Flugzeugbauer Boeing steckt in der Krise und die Luftfahrtmesse in Paris lief mäßig an. Am zweiten Tag sorgt ein großer Deal für einen Lichtblick.

Update vom 30. Oktober 2019: Der Chef von Boeing muss sich dem US-Kongress stellen. In der Anhörung wird er scharf angegriffen - und gibt Fehler zu.

Update vom 18. Juni: Der Flugzeugbauer Boeing hat auf der Pariser Luftfahrtmesse Kunden für 25 Langstreckenjets vom Typ 787 „Dreamliner“ gefunden. Die südkoreanische Fluggesellschaft Korean Air will 20 Maschinen der Reihe kaufen, wie Boeing am Dienstag auf der Air Show in Le Bourget bei Paris mitteilte. Zehn weitere „Dreamliner“-Jets will das Unternehmen bei dem Flugzeugfinanzierer ALC leasen, der seine bestehende Order bei Boeing in diesem Zuge um fünf Jets aufstockte.

Für den weltgrößten Flugzeughersteller Boeing sieht es auf der Messe bisher äußerst mau aus. Am Montag, dem ersten Messetag, holte er nur eine Bestellung über zehn kleine Frachtmaschinen herein.

Der Konzern steckt derzeit in einer tiefen Krise. Nach dem Absturz zweier Mittelstreckenjets in der modernisierten Version 737 Max mit insgesamt 346 Toten gilt für die Maschinen des Typs ein weltweites Flugverbot. Boeing-Chef Dennis Muilenburg hatte am Sonntag gesagt, bei der Messe gehe es für sein Unternehmen diesmal nicht um Aufträge, sondern um Bescheidenheit sowie darum, verlorenes Vertrauen zurückzugewinnen. 

Boeing wusste längst von den Problemen

Update vom 6. Mai: Der US-Luftfahrtriese Boeing wusste bereits rund ein Jahr vor dem ersten Absturz einer 737-Max-Maschine von einem Softwareproblem der Modellreihe. Der Konzern räumte am Sonntag ein, bereits einige Monate nach Auslieferungsbeginn der 737 Max im Mai 2017 festgestellt zu haben, dass ein Warnsystem in den Cockpits nicht richtig funktionierte. Boeing habe daraufhin zunächst eine interne Untersuchung gestartet, die zu dem Schluss gekommen sei, dass keine Beeinträchtigung der Flugsicherheit vorliege.

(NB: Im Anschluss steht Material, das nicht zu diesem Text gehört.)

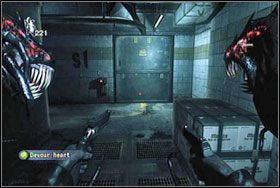 Wchodzimy do środka i przywołujemy kilka razy Kamikadze, który pomoże nam oczyścić teren - Rozdział V - Grinders Lane, Lower East Side | The Darkness - The Darkness - poradnik do gry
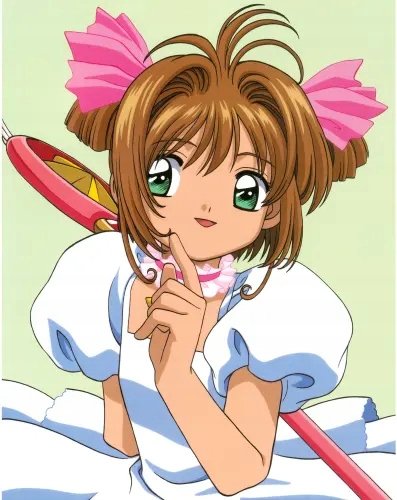 Plakat Anime Cardcaptor Sakura ccs_802 A2 (custom)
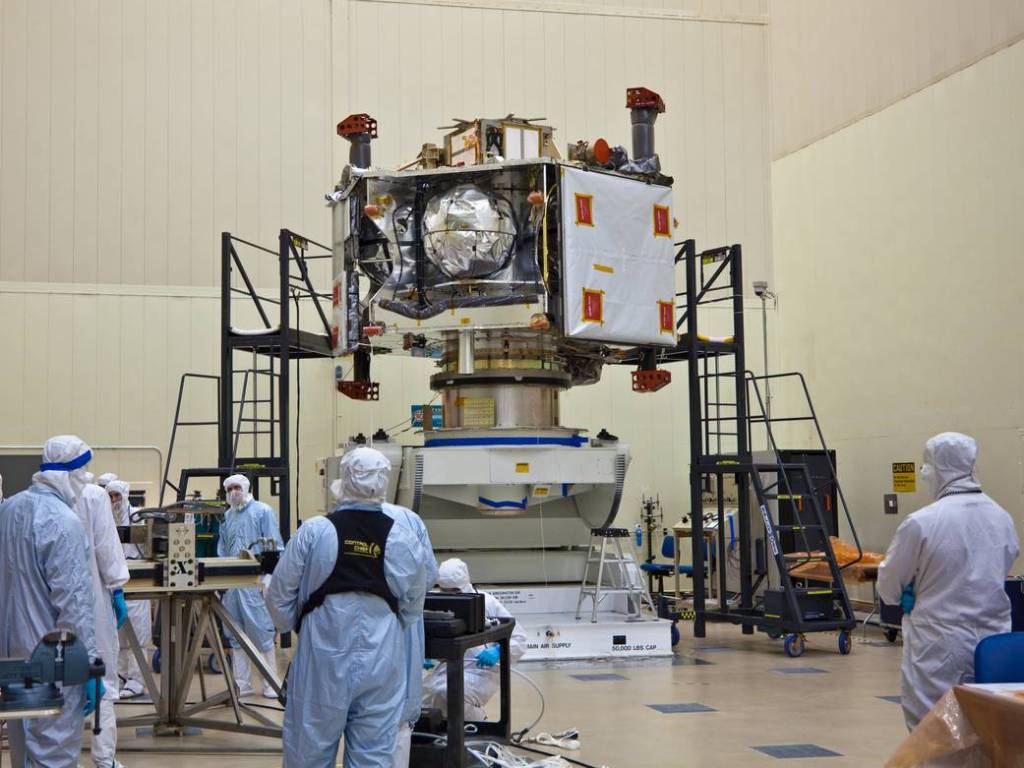 Preparing Juno for Environmental Testing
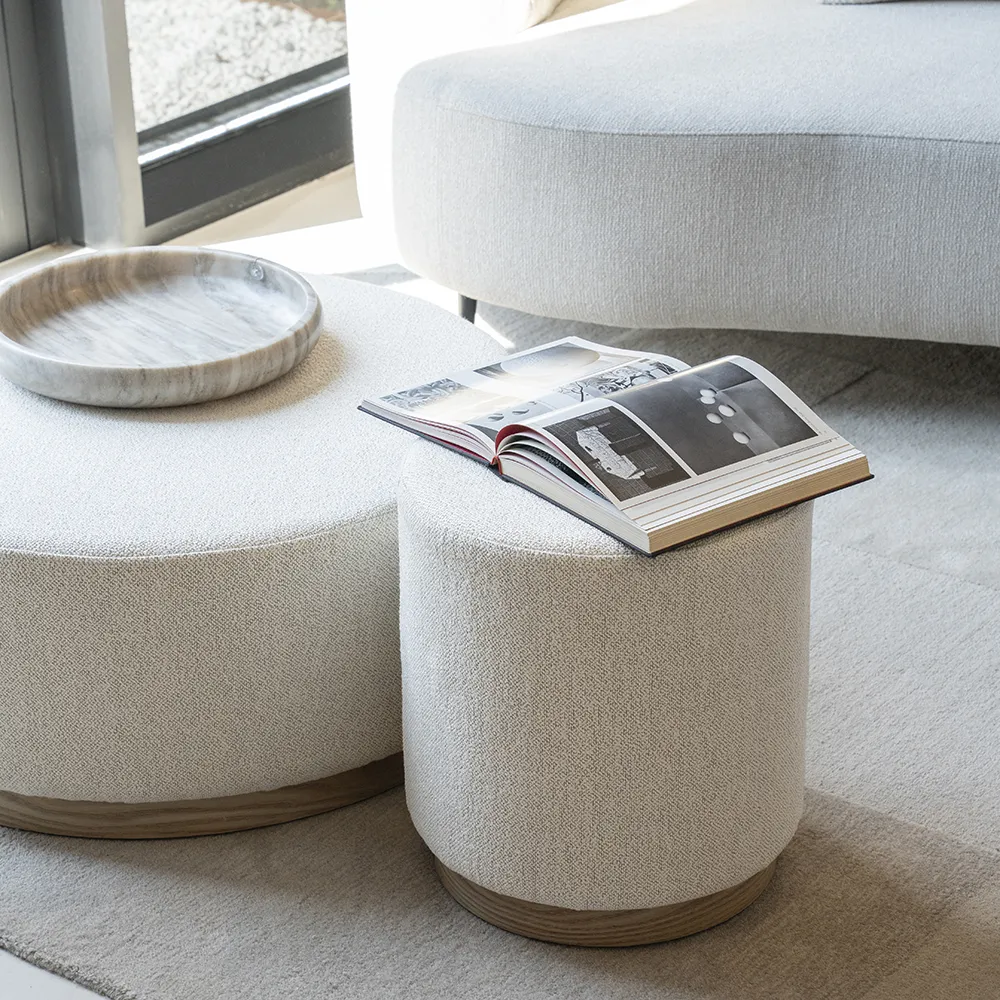 Puff Avah Small Beige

Boeings obere Führungsebene sei in diese Untersuchung nicht involviert gewesen und erst nach dem ersten Absturz einer 737-Max-Maschine in Indonesien am 29. Oktober 2018 auf das Problem aufmerksam geworden. Auch die US-Luftfahrtbehörde FAA sei erst rund eine Woche nach diesem Unglück darüber informiert worden. Im Dezember sei eine weitere Untersuchung durchgeführt worden, die ebenfalls ergeben habe, dass das Problem kein Sicherheitsrisiko darstelle, heißt es in der Boeing-Mitteilung.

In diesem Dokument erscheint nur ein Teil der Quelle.